Place et statut des femmes dans les organes de décision et de reconstruction

Enfin, faut-il rappeler le caractère révélateur des inégalités joué par le conflit ou la crise, au niveau international et son impact disproportionné sur les femmes, comme le montrent les questions à l’agenda « femmes, paix et sécurité » ? Faut-il rappeler également la nécessaire implication des femmes à la sortie de crise aujourd’hui, avec ses possibles en termes de reconstruction d’une société plus égalitaire ? Il s’agit d’un moment clé et d’un test pour la diplomatie féministe, dont l’un des objectifs devrait être de modifier de manière durable les structures inégalitaires du pouvoir patriarcal.   (NDLR de DC : Combien de femmes sont présentes dans le Secrétariat technique du Comité Multisectoriel de riposte au Covid-19 et dans les comités provinciaux ? Comment seront-elles impliquées dans la sortie de crise du coronavirus ?  Cette crise contribuera-t-elle à modifier de manière durable les structures inégalitaires du pouvoir patriarcal ?).

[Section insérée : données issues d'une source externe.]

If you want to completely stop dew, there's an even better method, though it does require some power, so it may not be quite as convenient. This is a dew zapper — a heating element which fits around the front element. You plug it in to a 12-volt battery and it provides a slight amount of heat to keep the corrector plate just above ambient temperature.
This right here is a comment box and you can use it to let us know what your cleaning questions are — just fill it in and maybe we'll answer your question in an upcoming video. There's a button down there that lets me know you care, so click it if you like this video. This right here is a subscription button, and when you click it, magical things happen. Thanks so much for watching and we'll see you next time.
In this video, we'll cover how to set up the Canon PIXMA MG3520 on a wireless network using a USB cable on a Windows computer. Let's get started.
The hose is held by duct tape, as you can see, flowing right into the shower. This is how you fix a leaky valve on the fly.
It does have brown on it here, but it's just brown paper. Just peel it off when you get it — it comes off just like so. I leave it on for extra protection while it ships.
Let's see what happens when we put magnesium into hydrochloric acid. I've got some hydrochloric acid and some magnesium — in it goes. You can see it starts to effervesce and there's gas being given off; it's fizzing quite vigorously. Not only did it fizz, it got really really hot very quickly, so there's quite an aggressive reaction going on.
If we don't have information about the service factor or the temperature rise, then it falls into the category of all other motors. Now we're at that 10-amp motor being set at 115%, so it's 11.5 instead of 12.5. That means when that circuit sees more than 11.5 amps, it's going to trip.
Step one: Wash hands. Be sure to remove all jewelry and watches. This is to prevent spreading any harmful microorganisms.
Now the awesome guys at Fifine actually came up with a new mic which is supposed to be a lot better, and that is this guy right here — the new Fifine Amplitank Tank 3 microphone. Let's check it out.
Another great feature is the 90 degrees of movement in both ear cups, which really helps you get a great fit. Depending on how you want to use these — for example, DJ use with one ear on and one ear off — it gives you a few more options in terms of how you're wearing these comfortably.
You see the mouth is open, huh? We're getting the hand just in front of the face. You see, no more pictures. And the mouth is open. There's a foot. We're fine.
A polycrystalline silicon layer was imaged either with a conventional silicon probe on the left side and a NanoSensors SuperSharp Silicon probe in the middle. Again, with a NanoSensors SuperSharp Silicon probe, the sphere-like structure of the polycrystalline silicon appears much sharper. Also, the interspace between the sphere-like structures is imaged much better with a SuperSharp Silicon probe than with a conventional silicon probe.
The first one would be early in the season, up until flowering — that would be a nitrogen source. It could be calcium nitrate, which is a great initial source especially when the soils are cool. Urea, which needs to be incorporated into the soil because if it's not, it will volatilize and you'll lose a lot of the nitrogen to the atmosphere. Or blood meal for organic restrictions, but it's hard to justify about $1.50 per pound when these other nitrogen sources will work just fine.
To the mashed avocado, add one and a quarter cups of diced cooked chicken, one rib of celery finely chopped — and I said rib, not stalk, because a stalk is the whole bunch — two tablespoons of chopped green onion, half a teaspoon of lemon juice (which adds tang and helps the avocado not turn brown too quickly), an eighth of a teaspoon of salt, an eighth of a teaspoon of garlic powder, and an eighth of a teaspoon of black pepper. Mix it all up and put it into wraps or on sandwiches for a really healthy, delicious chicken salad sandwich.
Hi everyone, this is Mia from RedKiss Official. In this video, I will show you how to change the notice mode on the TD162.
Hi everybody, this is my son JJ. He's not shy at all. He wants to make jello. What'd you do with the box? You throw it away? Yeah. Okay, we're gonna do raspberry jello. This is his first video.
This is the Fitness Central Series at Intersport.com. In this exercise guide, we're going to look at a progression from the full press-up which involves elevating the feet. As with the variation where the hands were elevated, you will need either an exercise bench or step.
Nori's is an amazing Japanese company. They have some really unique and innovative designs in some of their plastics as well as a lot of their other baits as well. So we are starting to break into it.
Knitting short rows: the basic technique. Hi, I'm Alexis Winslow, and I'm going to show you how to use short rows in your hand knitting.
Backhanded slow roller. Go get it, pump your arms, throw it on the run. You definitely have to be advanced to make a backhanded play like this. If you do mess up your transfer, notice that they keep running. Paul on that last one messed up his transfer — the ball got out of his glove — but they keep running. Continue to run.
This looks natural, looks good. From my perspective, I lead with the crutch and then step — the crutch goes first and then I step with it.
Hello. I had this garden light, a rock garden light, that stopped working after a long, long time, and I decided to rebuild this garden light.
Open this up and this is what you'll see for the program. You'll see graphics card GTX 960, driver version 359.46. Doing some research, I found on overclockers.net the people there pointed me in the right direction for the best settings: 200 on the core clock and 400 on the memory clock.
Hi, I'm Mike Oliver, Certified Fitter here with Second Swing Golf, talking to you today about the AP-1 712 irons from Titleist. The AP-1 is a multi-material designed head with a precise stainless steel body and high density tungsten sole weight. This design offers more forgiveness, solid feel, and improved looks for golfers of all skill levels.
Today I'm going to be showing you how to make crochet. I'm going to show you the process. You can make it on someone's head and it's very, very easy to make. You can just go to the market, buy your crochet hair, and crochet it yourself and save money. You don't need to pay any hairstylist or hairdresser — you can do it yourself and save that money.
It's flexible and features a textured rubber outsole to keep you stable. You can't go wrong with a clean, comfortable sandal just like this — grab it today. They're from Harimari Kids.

Violences, droits sexuels et reproductifs, place et statut des femmes dans les métiers, dans le foyer, dans les médias, dans les organes de décision et de reconstruction, à l’évidence, cette crise aura beaucoup de choses à nous apprendre.

C’est ce sur quoi le Haut Conseil à l’égalité entre les femmes et les hommes sera mobilisé dans les mois à venir.

SOURCE :

Le Haut Conseil à l’Egalité (HCE) est l’instance nationale consultative indépendante chargée, en France, de la protection des droits des femmes et de la promotion de l’égalité des sexes. Créé en 2013, le HCE est inscrit dans la loi relative à l’égalité et à la citoyenneté du 27 janvier 2017. Ses 54 membres représentent la diversité  des acteurs et actrices des politiques d’égalité femmes-hommes. Le HCE apporte son expertise aux pouvoirs publics et mobilise la société à partir de son travail de concertation, d’évaluation des politiques publiques, de formulation de recommandations, et d’animation du débat public.

(NDLR de DC : La RDC devrait normalement disposer d’une institution semblable au HCE français. La Loi n° 15/013 du 1er août 2015 portant modalités d’application des droits de la femme et de la parité a institué des structures chargées de la mise en œuvre de la Loi dont  le Conseil National du Genre et de la Parité qui est « un mécanisme inclusif composé des représentants des institutions, des Ministères concernés et des forces vives œuvrant pour la promotion de la femme. Il a pour mission de : -promouvoir l’appropriation, par les femmes et les hommes, de la dimension genre ; -formuler et proposer les politiques, programmes et mesures nécessaires à la mise en œuvre de la parité et des droits de la femme » (art.30). Cinq ans plus tard ce Conseil National du Genre et de la Parité n’a toujours pas été mis en place et ne peut donc promouvoir l’appropriation, par les femmes et les hommes, de la dimension genre de la pandémie du coronavirus.